La memoria de ellos, de quiénes fueron y cómo amaron, lucharon y padecieron, reposa en sus cartas. En una de ellas, A’ida le cuenta que ha ido a ver los lirios cultivados por Gassan, quien ha perdido a su esposa un año antes. Mientras toman café, él le dice que hay momentos en los que no está muerta, pero que todos los días comienzan con su ausencia. “Para mí no es así; el día no comienza con tu ausencia. Comienza con la decisión que tomamos juntos de hacer lo que estamos haciendo”.
Post scriptum:
El encanto de la discreción
Apunta Simon Sebag Montefiore en Escrito en la historia (2019) que la edad de oro de las cartas cubre unos 500 años, entre la Edad Media y el auge del teléfono en los años 30 del pasado siglo, con un declive más notorio hacia finales del siglo XX y comienzos del actual. Sin embargo, de acuerdo con el historiador británico, las misivas en papel parecieran estar reviviendo: “Las cartas están recuperando el favor entre los que desean una comunicación más discreta. Políticos, espías, criminales y amantes, todos ellos han aprendido —en muchos casos, a las malas— que un correo electrónico o un mensaje de móvil pueden leerse y exponerse; nunca se destruyen. Pero a menudo desaparecen. Su inconsistencia y su falta de permanencia hacen que sean medios poco satisfactorios. Hacen que la vida parezca más transitoria, mientras que las cartas la hacen más duradera (…) Por esta razón, la gente empieza a recurrir de nuevo al papel y la pluma, en particular en los gobiernos: las cartas se pueden preservar, pero irónicamente son más seguras porque solo existen una vez y se las puede destruir materialmente”.

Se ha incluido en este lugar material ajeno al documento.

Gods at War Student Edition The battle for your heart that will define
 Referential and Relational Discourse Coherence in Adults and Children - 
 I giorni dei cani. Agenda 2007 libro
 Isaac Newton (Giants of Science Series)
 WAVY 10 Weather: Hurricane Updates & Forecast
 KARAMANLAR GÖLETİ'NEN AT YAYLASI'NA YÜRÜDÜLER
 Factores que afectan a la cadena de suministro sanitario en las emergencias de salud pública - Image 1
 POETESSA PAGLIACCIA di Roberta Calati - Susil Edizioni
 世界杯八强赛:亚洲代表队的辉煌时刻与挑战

En esta era de gente acostumbrada a una pantalla táctil o a utilizar el teclado de la computadora, hay que esforzarse para imaginar a alguien escribiendo a mano sobre papel, incluso haciéndolo a máquina. Quizá no haya que tomar en sentido literal las palabras de Sebag, quien acaso solo haya querido expresar con “recurrir de nuevo al papel y la pluma” la reivindicación de la carta impresa, que en el caso de las personales viaja con sus secretos por las rutas del servicio postal hasta llegar al buzón de la entrada, donde aguarda en silencio a que el destinatario la busque y la despoje del sobre protector para comenzar a hablarle: a lo mejor no manuscrita ni con los renglones acaso desalineados de una vieja Remington, sino impresa desde algún dispositivo pero con la firma del remitente hecha por su propia mano. Una fórmula intermedia para el homo scriptor que siempre seremos.